São Luís, 02 (AE) - A CPI do Narcotráfico, que há três semanas investiga o envolvimento de deputados, prefeitos delegados, juízes e empresários com o roubo de carretas e tráfico de drogas no Maranhão, retoma os trabalhos amanhã com o depoimento do ex-secretário adjunto de Segurança Pública, João Ribeiro Silva Júnior. Coronel aposentado, Silva Júnior é acusado de ter facilitado, em 1984, a liberação do preso Rirmualdo da Silva, responsável pelo assassinato de Carlindo Sousa. Tanto Rirmualdo como Carlindo eram funcionários da empresa de ônibus São Luís, de propriedade do deputado estadual José Gerardo de Abreu (PPB), principal suspeito de comandar o crime organizado no Estado.
José Gerardo, que estava desaparecido desde a chegada em São Luís da CPI do Narcotráfico, voltou a negar hoje a sua participação em assassinatos, roubos de carretas e tráfico de drogas. "Sou inocente", afirmou o deputado maranhense. "Prefiro morrer a ter que ser preso", avisou. Em entrevista a uma emissora de TV local, Gerardo chegou a exibir um terço que carrega no bolso como "prova" de sua honestidade.
"Sou um homem cristão e não desejo mal ao meu semelhante". O deputado embarcou hoje à tarde para Brasília, onde presta depoimento na quinta-feira à CPI do Narcotráfico. A polícia já identificou até agora nove ônibus da empresa de José Gerardo com os chassis adulterados. A Gerência de Justiça e Segurança Pública encaminhou os veículos irregulares ao Comando Geral da Polícia Militar do Maranhão.

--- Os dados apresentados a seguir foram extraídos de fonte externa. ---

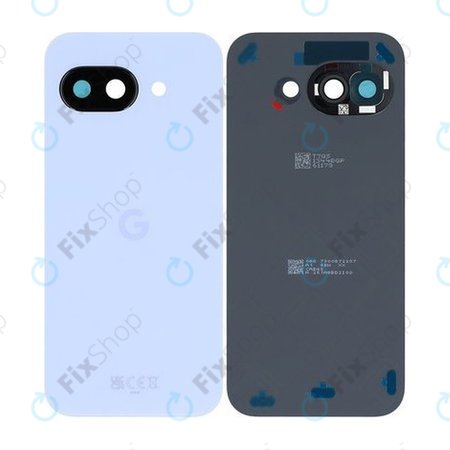 Google Pixel 9a GTF7P - Akkudeckel (Iris) - G949-01317-00 Genuine Service Pack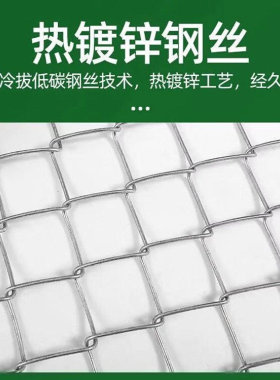 新品鸡舍围栏网铁丝网养狗围挡养殖场养牛铁网子防鸡鸭.防护网加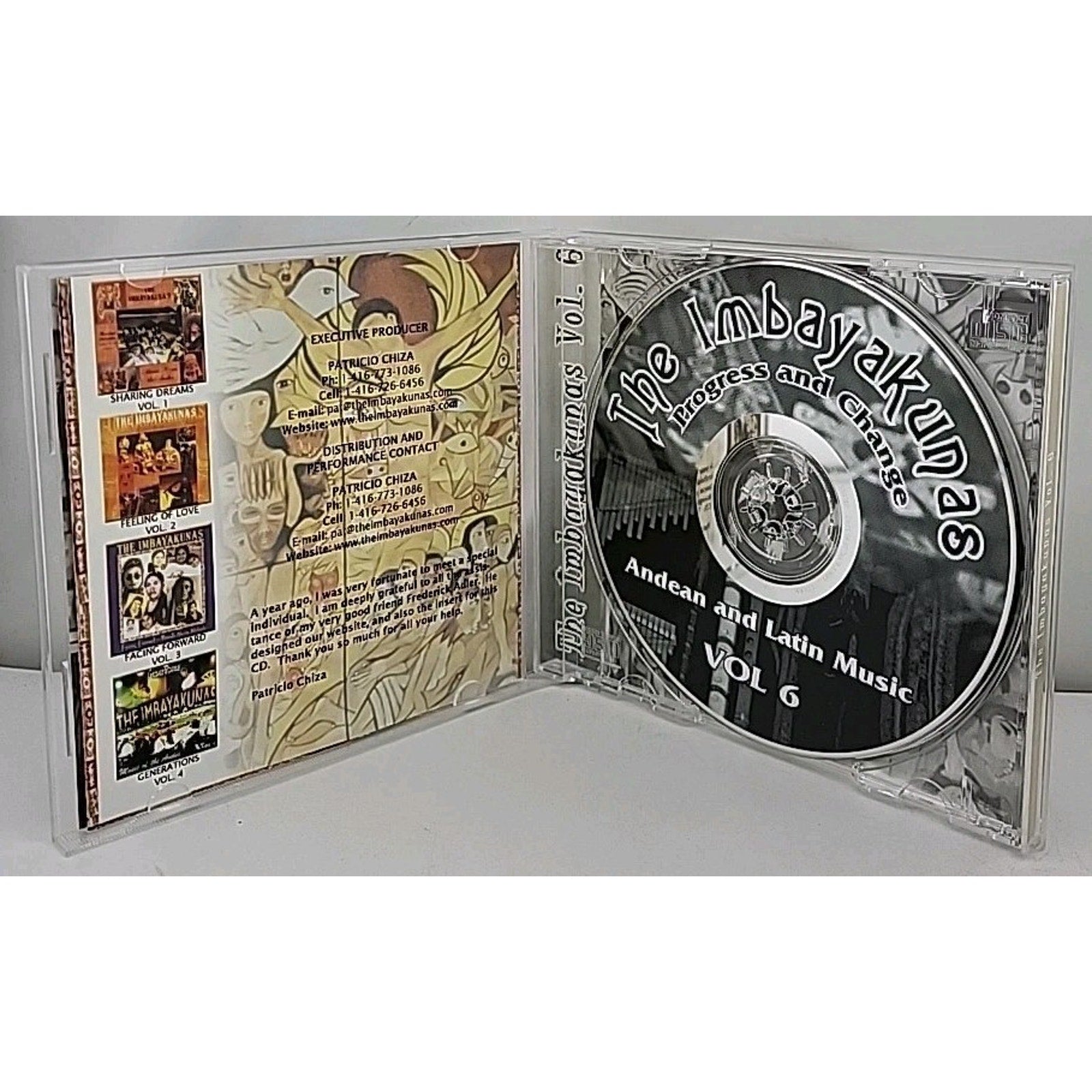 The Imbayakunas Vol 6 - Progress And Change CD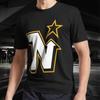 Vintage Minnesota Hockey Retro North Stars Active T-Shirt Funny Size S To 5XL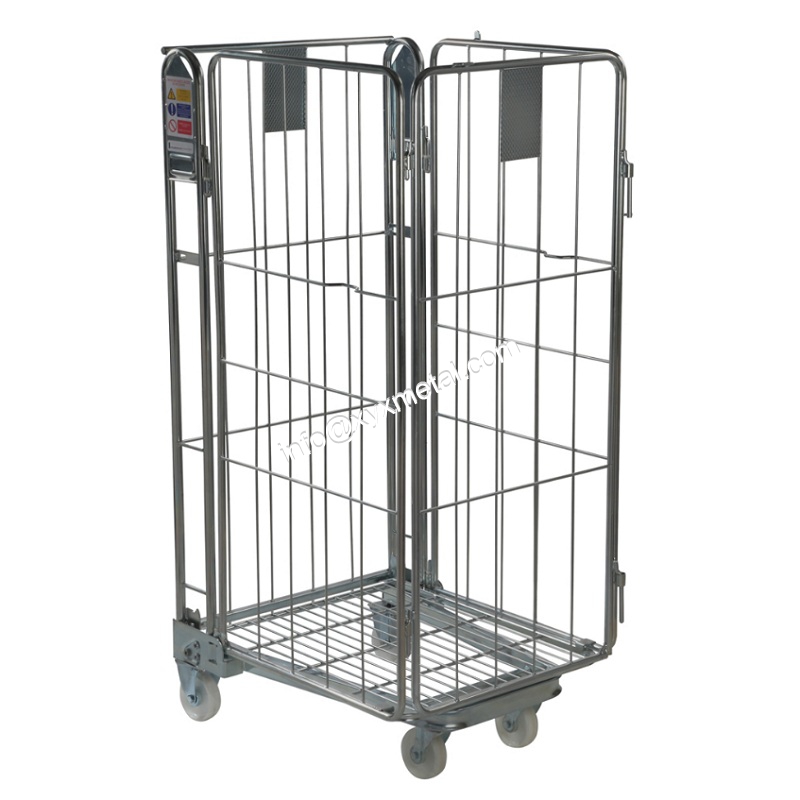 Four Sided Nestable Roll Cage
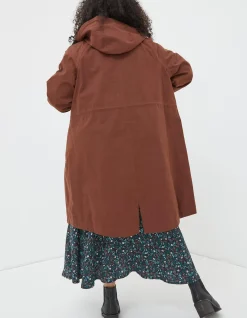 Juno Waterproof Long Coat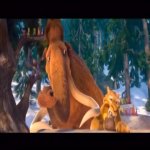 Ice age manny’s Butt GIF Template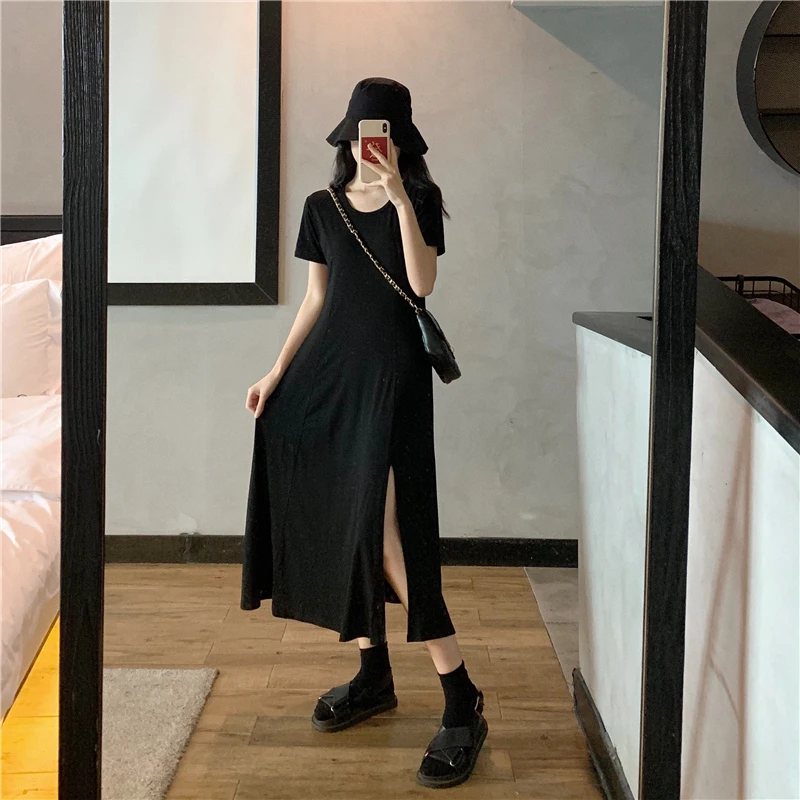 

CMAZ Dresses For Women Summer 2021 Korean Style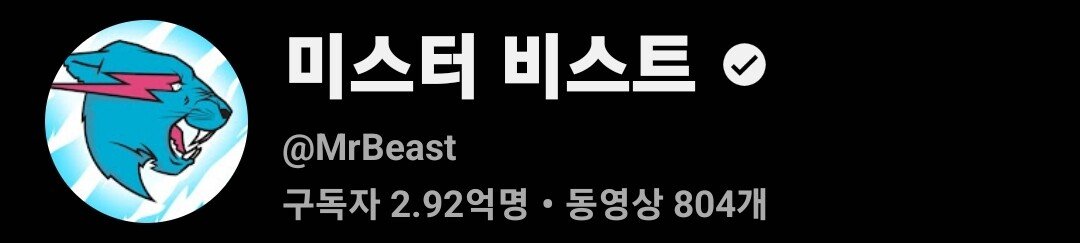 4년이나 유튜브 했는데 구독자 꼴랑 2천명이었지만 좋아하던 유튜버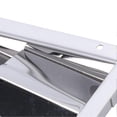 thumbnail image 3 of Grille d'Aération Marine à Persiennes Carrée 4 Fentes Couverture de Grille Volets de Bateau Store en Acier Inoxydable, 3 of 5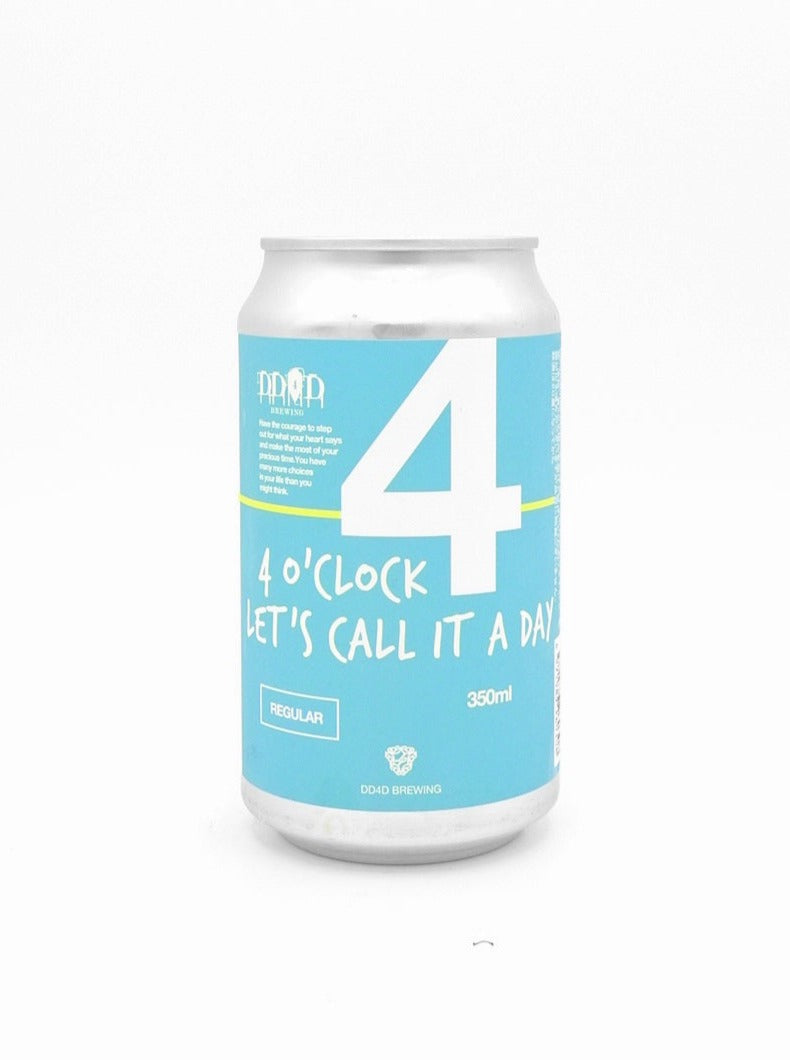 4 O'CLOCK LET'S CALL IT A DAY /4オクロックレッツコールイッツアデイ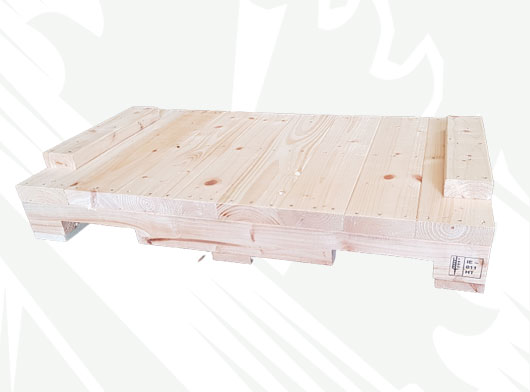 Connaught Timber Custom made heavy-duty pallet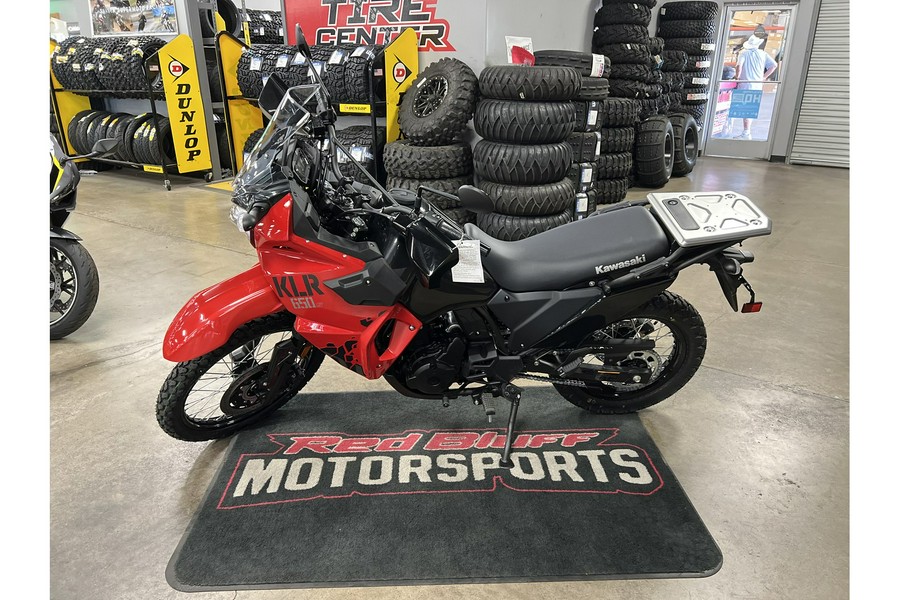 2024 Kawasaki KLR 650 S ABS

O Instituto de Criminalística está fazendo cruzamento de informações com outros Estados para avaliar se os ônibus são roubados.
Depois de ouvir Silva Júnior, A CPI do Crime Organizado reiniciará a sessão com o deputado Francisco Caíca (PSD), cujo depoimento foi interrompido na semana passada porque o parlamentar apresentou problemas de saúde. Caíca é acusado de ser o braço direito de Gerardo em crimes de contravenção. A polícia maranhense já prendeu 23 pessoas suspeitas de envolvimento com o crime organizado e ainda tem mais 18 mandatos de prisão para cumprir. Entre os presos até agora, estão o ex-deputado estadual Hemetério Weba (sem partido), o prefeito Aveny Pacheco, de Amapá do Maranhão, e os delegados Luís Moura e Almir Macedo.